From Bitter to Better (part 2)
After two strange dreams I awoke hearing the voice of the Lord in my heart:
The two dreams are one dream…
He then pointed me to the book of James. Two verses jumped off the page:
2 Consider it pure joy, my brothers and sisters, whenever you face trials of many kinds…
5 If any of you lacks wisdom, you should ask God, who gives generously to all without finding fault, and it will be given to you. (James 1:2, 5)
A HEAVY “REVY”
I’d read James numerous times before, but this time a fresh revelation hit me like a hurricane:
Dave, you need joy to get you through this trial. Lacking joy? Ask Me for wisdom, and I’ll show you how to rejoice in adverse circumstances.

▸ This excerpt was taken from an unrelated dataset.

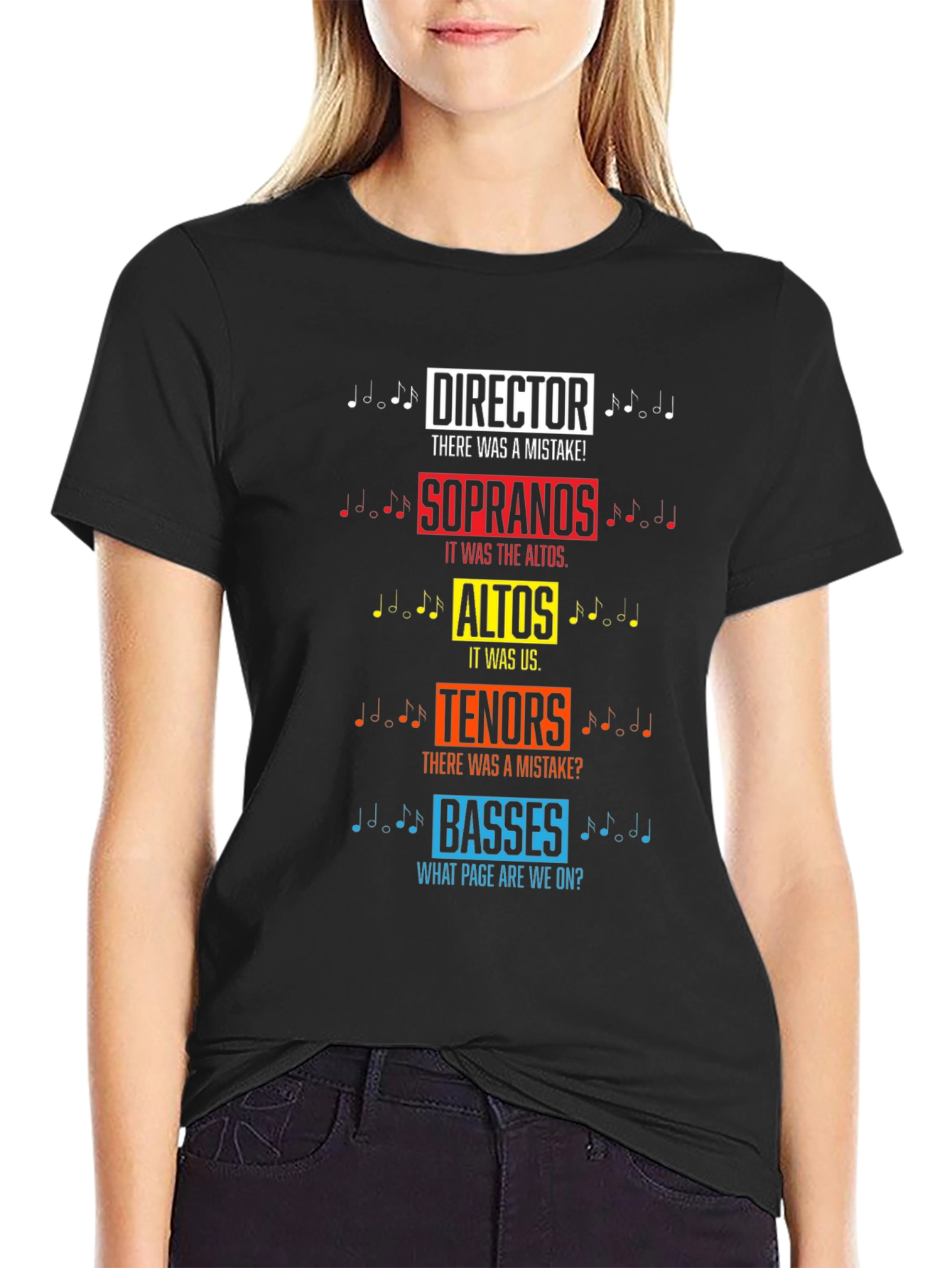 Choir Humor T-Shirt: Director, Soprano, Alto, Tenor, Bass - 2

Here’s your recipe: Trials + Joy = Maturity
The “shower dream” was about a season of cleansing. The “trouble dream” portrayed the confounding incongruity between, a) the joyful environment, and b) my being called out to “testify” about my trouble. Weird.
Suddenly I understood how the two dreams dovetailed! In my time of trouble I complained: Why is this happening?! I’m doing everything right! But in the dream my trouble had transformed into a testimony.
What turns a test into a testimony? A rejoicing heart. Joy is the secret sauce that switches sour circumstances into sweet success. James explains:
4 Let perseverance finish its work so that you may be mature and complete, not lacking anything.
PURPOSE TO THE PAIN
What a game changer it is to know God can take even the circumstances He didn’t cause and use them for our benefit! We can endure anything when we recognize there’s a purpose to the pain.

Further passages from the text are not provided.